Sugar Intake Calculator
Calculate your recommended daily added sugar limit based on your body stats and health goals — using WHO and AHA guidelines. Supports metric (kg) and imperial (lbs).
Sugar Intake Calculator
Based on WHO & AHA guidelines
This calculator estimates your daily calorie needs (TDEE via Mifflin-St Jeor) then applies WHO and AHA sugar guidelines as a percentage of total energy. A general health goal uses the WHO 10% recommendation; weight loss uses 5%; diabetic management uses an even stricter target. Natural sugars in whole foods are excluded — the limits apply to added and free sugars only.
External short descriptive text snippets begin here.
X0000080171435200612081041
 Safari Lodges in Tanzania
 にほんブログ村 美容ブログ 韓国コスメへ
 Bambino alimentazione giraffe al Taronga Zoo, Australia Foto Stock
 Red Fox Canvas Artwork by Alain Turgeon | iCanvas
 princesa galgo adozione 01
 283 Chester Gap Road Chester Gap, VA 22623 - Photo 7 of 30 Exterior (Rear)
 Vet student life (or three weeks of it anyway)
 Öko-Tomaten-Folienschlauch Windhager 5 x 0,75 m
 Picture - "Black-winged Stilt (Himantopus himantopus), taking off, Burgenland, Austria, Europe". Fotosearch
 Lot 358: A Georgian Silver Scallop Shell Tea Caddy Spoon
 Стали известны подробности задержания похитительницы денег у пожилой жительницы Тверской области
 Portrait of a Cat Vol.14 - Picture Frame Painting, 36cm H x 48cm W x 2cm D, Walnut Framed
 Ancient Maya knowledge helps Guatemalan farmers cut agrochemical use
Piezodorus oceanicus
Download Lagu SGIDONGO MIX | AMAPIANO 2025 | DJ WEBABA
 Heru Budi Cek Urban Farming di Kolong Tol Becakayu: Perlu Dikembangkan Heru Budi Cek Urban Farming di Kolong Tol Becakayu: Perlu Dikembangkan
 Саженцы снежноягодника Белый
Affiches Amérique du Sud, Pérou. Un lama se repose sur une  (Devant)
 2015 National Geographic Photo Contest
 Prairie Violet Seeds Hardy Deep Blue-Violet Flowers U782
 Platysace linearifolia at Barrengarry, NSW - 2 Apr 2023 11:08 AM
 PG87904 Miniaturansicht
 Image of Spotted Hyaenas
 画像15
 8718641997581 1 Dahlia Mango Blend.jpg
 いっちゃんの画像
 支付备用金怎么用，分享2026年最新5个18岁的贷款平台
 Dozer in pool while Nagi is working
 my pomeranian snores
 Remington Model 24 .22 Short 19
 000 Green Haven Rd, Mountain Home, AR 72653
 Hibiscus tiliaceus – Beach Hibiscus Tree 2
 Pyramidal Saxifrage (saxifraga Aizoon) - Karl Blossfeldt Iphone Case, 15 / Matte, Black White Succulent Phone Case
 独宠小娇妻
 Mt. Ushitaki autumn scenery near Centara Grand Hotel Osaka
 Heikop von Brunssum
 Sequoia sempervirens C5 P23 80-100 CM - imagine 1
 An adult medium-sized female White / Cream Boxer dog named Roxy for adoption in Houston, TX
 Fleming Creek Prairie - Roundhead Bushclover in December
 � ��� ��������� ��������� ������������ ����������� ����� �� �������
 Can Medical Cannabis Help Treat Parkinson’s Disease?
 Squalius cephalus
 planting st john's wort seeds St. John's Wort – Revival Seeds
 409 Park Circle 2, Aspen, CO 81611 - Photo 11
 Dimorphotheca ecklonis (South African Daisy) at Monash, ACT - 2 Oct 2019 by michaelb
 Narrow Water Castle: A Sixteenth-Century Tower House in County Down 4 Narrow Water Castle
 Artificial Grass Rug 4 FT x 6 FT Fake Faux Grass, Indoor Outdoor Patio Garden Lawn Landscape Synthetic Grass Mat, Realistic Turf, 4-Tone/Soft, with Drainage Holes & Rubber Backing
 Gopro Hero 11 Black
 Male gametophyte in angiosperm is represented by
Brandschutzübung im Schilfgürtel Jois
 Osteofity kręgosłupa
Recommended Daily Sugar Limits by Group
| Group | Max Added Sugar/Day | Source |
|---|---|---|
| Adult women (general) | 25 g (6 tsp) | AHA |
| Adult men (general) | 36 g (9 tsp) | AHA |
| All adults (10% of energy) | ~50 g on 2000 kcal | WHO |
| All adults (5% of energy, ideal) | ~25 g on 2000 kcal | WHO |
| Children (2–18) | < 25 g / day | AHA |
| Type 2 Diabetes management | < 15–20 g / day | Diabetic associations |
| Athletes (high energy needs) | Up to 50–75 g | Based on 10% TDEE |
Why Limiting Added Sugar Matters
Added sugar provides calories with no nutritional benefit — no protein, fibre, vitamins, or minerals. Consistently eating beyond your sugar limit is strongly associated with obesity, type 2 diabetes, cardiovascular disease, dental decay, and non-alcoholic fatty liver disease. The average American consumes around 77 g of added sugar per day — more than twice the AHA's recommended limit for men and over three times the recommendation for women. The biggest sources are sugar-sweetened beverages, packaged snacks, flavoured yoghurts, and condiments like ketchup and salad dressings.